For Hickel, who called the January summit, the wolf issue proved a political minefield. He won in 1990 with 38 percent of the vote, running on the ticket of Vogler's fringe party and with arch-conservative sport-hunters as a core constituency.

But Alaskans oppose aerial wolf-hunting and the Board of Game's plan. Opposition ranges from 2 to 1 to 4 to 1, according to late 1992 statewide polls.

"The majority of Americans - and that includes Alaskans ... - are repulsed by the methodology that's being proposed for controlling of wolves," said Bob Dittrick, owner of a bird-watching tour company and a board member of the Alaska Wilderness Recreation and Tourism Association. "It's just socially unacceptable to be flying around in helicopters and airplanes shooting wolves."

Some hunters who acknowledge their minority status say their interests should rule because they bankroll the Alaska Department of Fish and Game.

Fees for sport-hunting and fishing, and taxes contribute some $40 million to the department's $95 million annual budget, said Fish and Game Commissioner Carl Rosier. Fishermen and hunters carry a similar financial load in other states.

Environmentalists have proposed a wildlife-watching fee system of their own for Alaska and elsewhere. But they also want state managers to adopt a new philosophy, perhaps changing their agency's name to the "Department of Fish and Wildlife."

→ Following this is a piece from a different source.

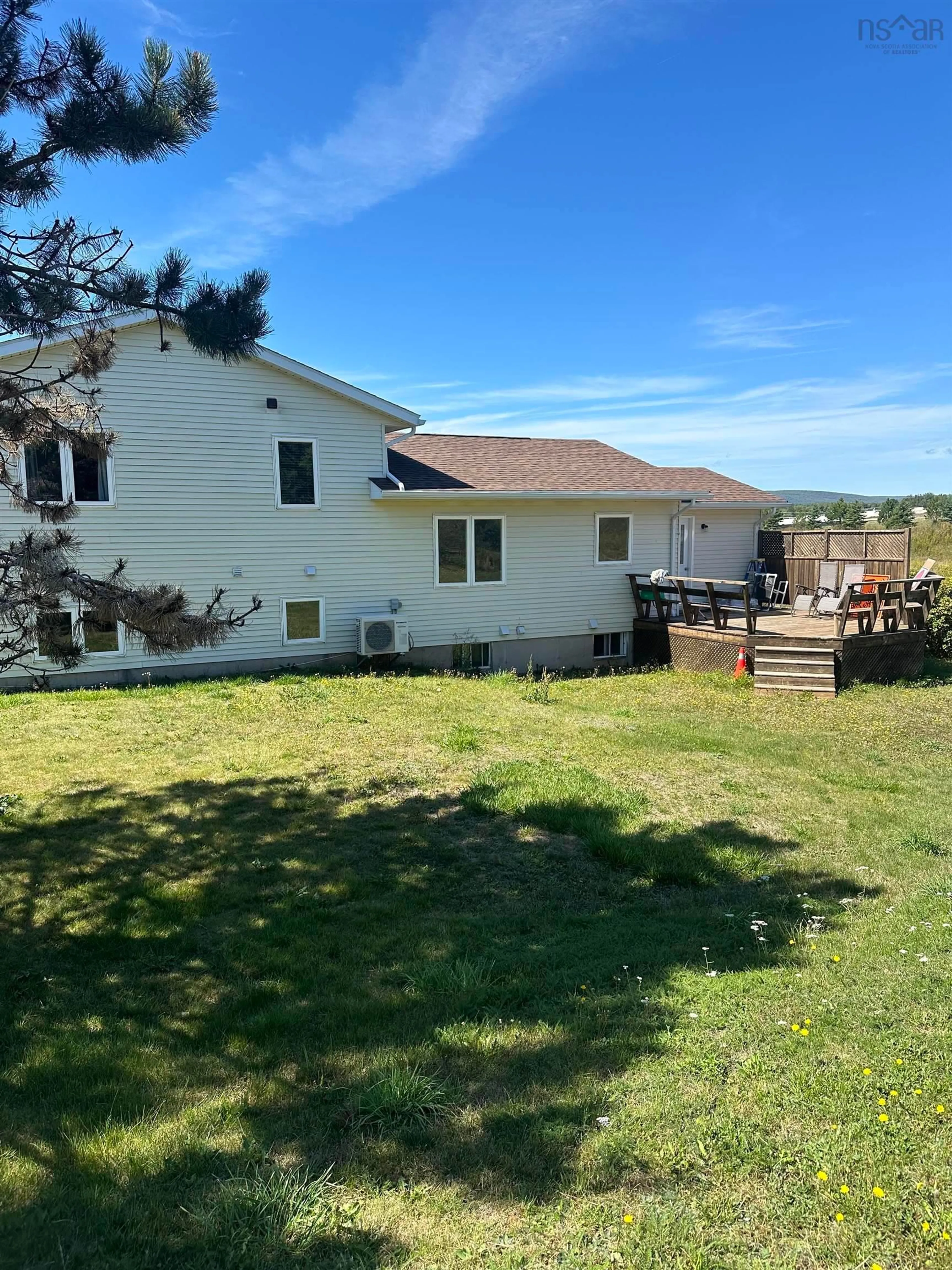 A pic from outside/outdoor area/front of a property/back of a property/a pic from drone, water/lake/river/ocean view for 11 Heritage Drive, Antigonish County Nova Scotia B2G 2T5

The wolf drama is being repeated across the border in the Canadian Yukon Territory, where government officials began shooting animals this month to boost game numbers, despite protests of the World Wildlife Fund and other groups.

Unlike the Alaska plan, which divided natives, the Yukon plan has the support of its natives. That may be because the Yukon guarantees special hunting and fishing rights to aboriginal residents in its Constitution.

Although there have been murmurings of a Yukon tourism boycott, none have been strong enough to upset officials' plans to cull some 150 wolves to boost game herds in an area they admit has been overhunted.

But a more-focused tourism boycott may be in the works. "I think there is a strong possibility that the Yukon will be targeted for boycott," said Wayne Pacelle, national director of the Washington-based Fund for Animals. "Aerial wolf-gunning should be relegated to the history books."